Accounting for East German injustices has also given us greater insight
into
how much leeway existed in a dictatorship. In a groundbreaking 1995
decision,
the Federal Court of Justice decided, for example, that the stricter
standards
that West German courts had applied to East German judges should also
have been
applied to Nazi judges.
SPIEGEL:
But by then the Nazi judges had already died without ever being
charged, like many organizers of the genocide. Now the courts are only
prosecuting perpetrators at the lower end. Is that fair?
Maass:
Of course not. The Allies released many of the main perpetrators
after only a few years in prison, and the German courts could no longer
touch
them. In other cases, doctors were found who would declare 60-year-olds
unfit
to stand trial and issue the necessary documents, which stated that
they
suffered from ailments like heart problems, cirrhosis of the liver and
silicosis. This doesn't fly anymore today.
SPIEGEL:
How did you cope with this injustice?
Maass:
You feel a certain queasiness, perhaps comparable with the
feeling one has when shoplifters are caught while the big economic
fraudsters
manage to get away scot-free.

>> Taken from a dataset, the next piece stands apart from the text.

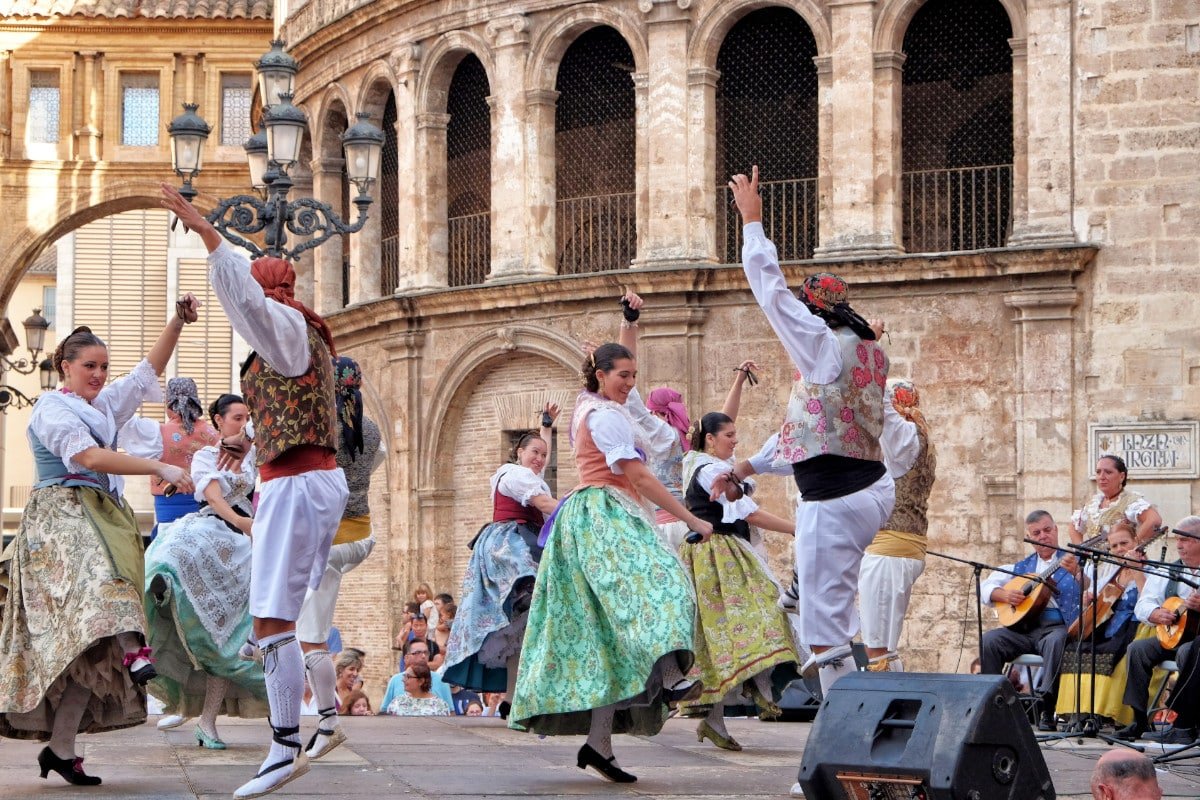 9 October: The Day Of The Valencian Community – History, Traditions And Celebrations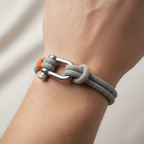 Mariner Rope Bracelet — Lifestyle Profissional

But the alternative cannot be to let the
shoplifters go, too.
SPIEGEL:
Was the German judiciary persistent enough in investigating Nazi
perpetrators?
Maass:
Fortunately North Rhine-Westphalia decided to establish a
specialized prosecution agency. But justice happens to be a matter for
the
states to decide …
SPIEGEL:
… and in other places prosecutors were working on Nazi criminal
matters in addition to their everyday activities, so that many cases
fizzled
out. The Central Office of the State Justice Administrations for the
Investigation of National Socialist Crimes in Ludwigsburg can only
conduct
preliminary investigations. Should the Federal Republic of Germany have
developed a central agency to prosecute Nazi criminals?
Maass:
You'd have to ask the politicians. There is no such thing in
German law as a special offense for Nazi mass crimes. We prosecute
people for
murder or aiding and abetting. We criminal prosecutors have sometimes
felt like
road workers who are handed a screwdriver instead of a jackhammer.
SPIEGEL:
To prosecute Germany's far-left Red Army Faction terrorists more
efficiently, the judiciary concentrated its competencies in the office
of the
General Public Prosecutor in Karlsruhe. Why wasn't this done with the
Nazi
perpetrators?
Maass:
It depends on where politicians set their priorities. They set
their sights on leftist terrorism and pursued the criminal prosecutions
that
ultimately led to success. This doesn't apply to our cases. In
retrospect, it
would certainly have been correct to assign more prosecutors to
research such
cases. But decades ago they were saying that the problem would resolve
itself
for biological reasons, because the perpetrators would die. And now, 66
years
after the end of the war, we have 12 active cases in Dortmund alone.
SPIEGEL:
Does this mean that the Demjanjuk trial will not be the last one?
Maass:
All I've done in the past few years is prepare
cases that were supposedly the last of their kind. The problem,
however, is
that the defendants are becoming increasingly unfit to stand trial or
are
dying, as was the case with a former guard at the Belzec camp, who
lived near
Bonn.
SPIEGEL:
You have dealt with dozens of men who committed murder during the
Nazi era. Is there such a thing as the typical Nazi criminal, and how
does he
feel about his crimes?
Maass:
I have never seen remorse. The usual excuse is that they acted in
accordance with the law, as if there were no such thing as a higher
prohibition
against killing. There were sadists, but they were not the norm, which
was more
likely to be the ordinary accessory. "Hitler's Willing Executioners,"
though a controversial book title, hits the nail on the head. It was a
large
group of people who were prepared to do anything.